In his famed experiments, Ivan Pavlov trained his dogs to associate mealtime with the ring of a bell. Over time, Pavlov found he could elicit an involuntary physical response in his dogs with a simple jingle. Every time his bell rang, the dogs, anticipating a tasty meal, began to salivate. Today, the dings, buzzes and rings from our phones create a similar response. They are the “Pavlovian bell of the 21st century,” and they get us to check our phones constantly.
Psychology of Notifications
Well timed and relevant notifications increase our productivity and are useful in helping us get the most out of our technology. They provide peace of mind, instant gratification, important updates, gossip, news and reminders of important events and tasks. They’re most effective when they create a connection between the external social world and the internal world in our thoughts and emotions. The connection relates to triggers–or the cues that inspire us to think about something or to do something. There are two kinds of triggers: external and internal.
External triggers are cues in the user’s environment that provide information for what to do next. On a survival level, a silhouette of a lion or a quick movement in the corner of our eye causing us to flinch are external triggers. In the same way, a button telling the user to “click here,” “tweet this” or “your package has been delivered” are all examples of external triggers.
However, not all of our actions are externally triggered. We also have an inner world of thought and emotion that push us to act. These internal triggers rely on associations in the mind to prompt actions. The most frequent internal triggers are emotions. For instance, when we’re feeling lonely, we check Facebook. The feeling of loneliness is the trigger. When we’re uncertain, we Google. When we’re bored, we watch YouTube videos, check Reddit or scroll Pinterest. Now, when we are wondering about the security of our home deliveries, we can check the status of our Package Guard.
The most effective notifications are those that align an external trigger with an internal trigger. In other words, getting a status notification from Package Guard at the same time we’re feeling uncertain about the status of a delivery would be an effective notification. This is probably because the app gives us information right when we feel we need it, almost as if it is anticipating our thoughts. The closer the timing of the external trigger is with the internal trigger, the sooner we get the information we seek.
For instance, imagine you are in an important meeting at the office and you have some expensive electronic equipment being delivered to your home sometime today (Alexa gave you the notification this morning that it would be arriving “today”). Instead of paying attention to the meeting, you can’t stop worrying about the status of your delivery because you don’t want that item stolen.
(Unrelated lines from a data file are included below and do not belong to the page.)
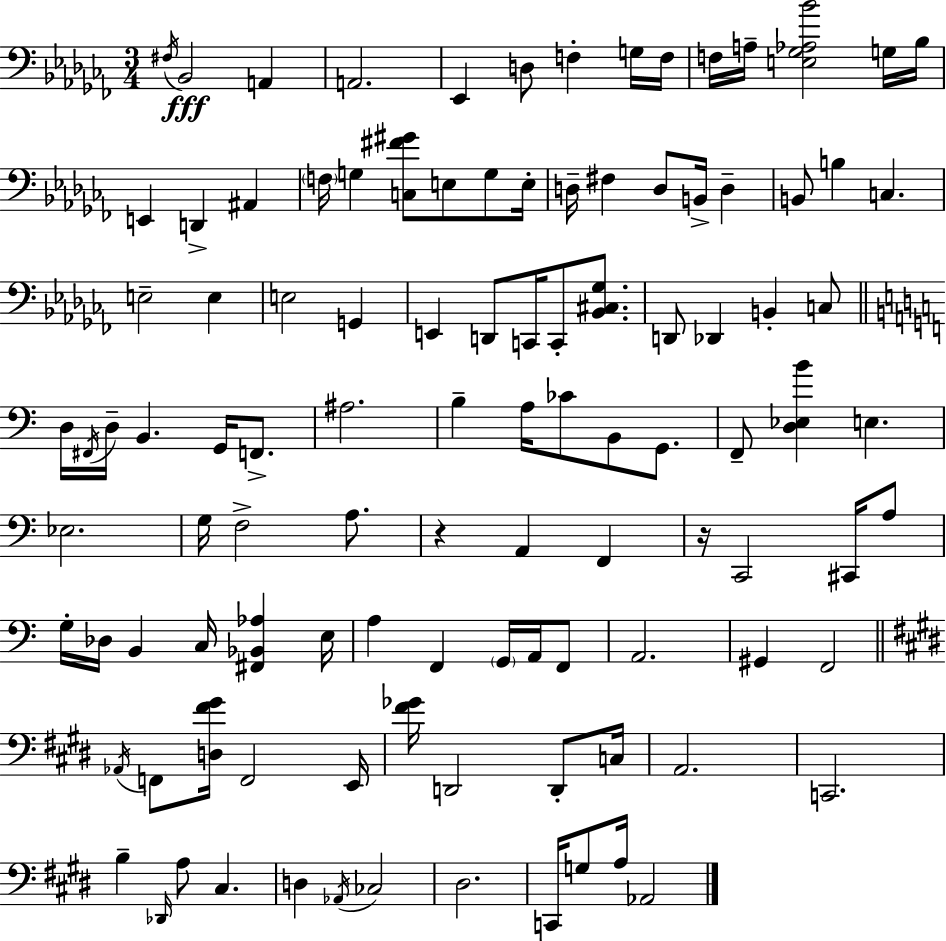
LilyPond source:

{
  \clef bass
  \numericTimeSignature
  \time 3/4
  \key aes \minor
  \repeat volta 2 { \acciaccatura { fis16 }\fff bes,2 a,4 | a,2. | ees,4 d8 f4-. g16 | f16 f16 a16-- <e ges aes bes'>2 g16 | \break bes16 e,4 d,4-> ais,4 | \parenthesize f16 g4 <c fis' gis'>8 e8 g8 | e16-. d16-- fis4 d8 b,16-> d4-- | b,8 b4 c4. | \break e2-- e4 | e2 g,4 | e,4 d,8 c,16 c,8-. <bes, cis ges>8. | d,8 des,4 b,4-. c8 | \break \bar "||" \break \key a \minor d16 \acciaccatura { fis,16 } d16-- b,4. g,16 f,8.-> | ais2. | b4-- a16 ces'8 b,8 g,8. | f,8-- <d ees b'>4 e4. | \break ees2. | g16 f2-> a8. | r4 a,4 f,4 | r16 c,2 cis,16 a8 | \break g16-. des16 b,4 c16 <fis, bes, aes>4 | e16 a4 f,4 \parenthesize g,16 a,16 f,8 | a,2. | gis,4 f,2 | \break \bar "||" \break \key e \major \acciaccatura { aes,16 } f,8 <d fis' gis'>16 f,2 | e,16 <fis' ges'>16 d,2 d,8-. | c16 a,2. | c,2. | \break b4-- \grace { des,16 } a8 cis4. | d4 \acciaccatura { aes,16 } ces2 | dis2. | c,16 g8 a16 aes,2 | \break } \bar "|."
}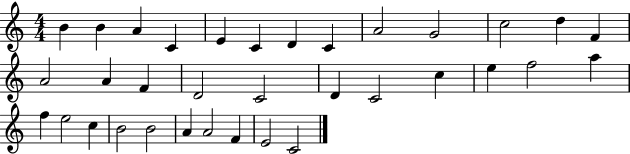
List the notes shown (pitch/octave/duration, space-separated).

B4/q B4/q A4/q C4/q E4/q C4/q D4/q C4/q A4/h G4/h C5/h D5/q F4/q A4/h A4/q F4/q D4/h C4/h D4/q C4/h C5/q E5/q F5/h A5/q F5/q E5/h C5/q B4/h B4/h A4/q A4/h F4/q E4/h C4/h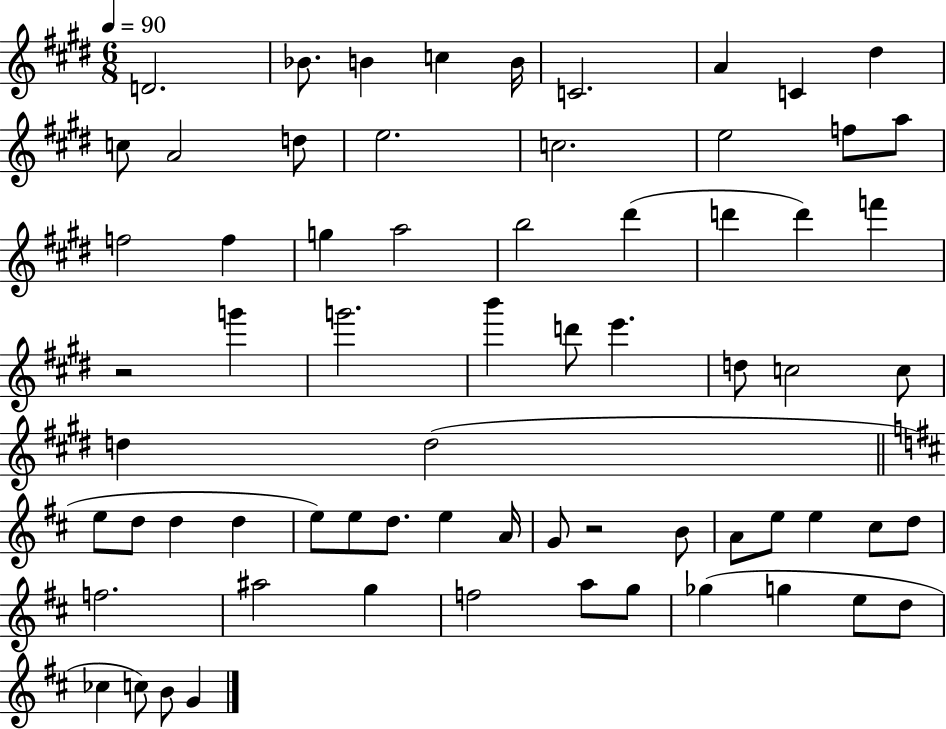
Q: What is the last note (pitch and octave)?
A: G4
Fortunately, all you need to do is glance at your phone and, voilà, there’s a notification from your Package Guard saying your package arrived and that your alarm is armed. You are now able to sit back relax and focus on your meeting. Package alerts provide you the peace of mind you need, when you need it!
Package Guard has created the most credible and trustworthy package delivery notifications on the market. You can also set up a Safe Circle of friends and family who will also receive approved notifications.
How it all works
FedEx, UPS and Amazon offer notifications when a package is delivered or soon-to-be delivered, but they are all dependant on humans scanning the package right as it’s being delivered, and that’s still sometimes a bit unreliable or vague. Amazon Alexa also offers package delivery notifications, which is awesome, but she just tells you that you have a package arriving sometime today. That might provide a little peace of mind, but it doesn’t offer a notification of exactly when that package hits your front porch. The Package Guard does. It’s an automatic alert that gets sent directly to your cell phone 30 seconds after a package is set on the unit. This is the only delivery notification offering 100% peace of mind and allowing you to get back to focus on the task at hand, most likely your job since we know 74% of packages are delivered while homeowners are away at work.
We even take it a step further with the Safe Circle. The Safe Circle is an approved community of your choosing who are authorized to pick up packages on your behalf. This Safe Circle can be neighbors, friends and family members and can include as many people as you want or need. If you have a neighbor who works from home, add them to your Safe Circle so they can receive alerts when your packages arrive and then retrieve them from your device. Going out of town for a few days? Add your house sitter to your Safe Circle so they can receive your package alerts and bring them in the house for you. It’s easier for everyone, and by making your house less of a target for package theft, you also help the neighborhood when porch pirates realize it’s not a good place to try to pilfer packages!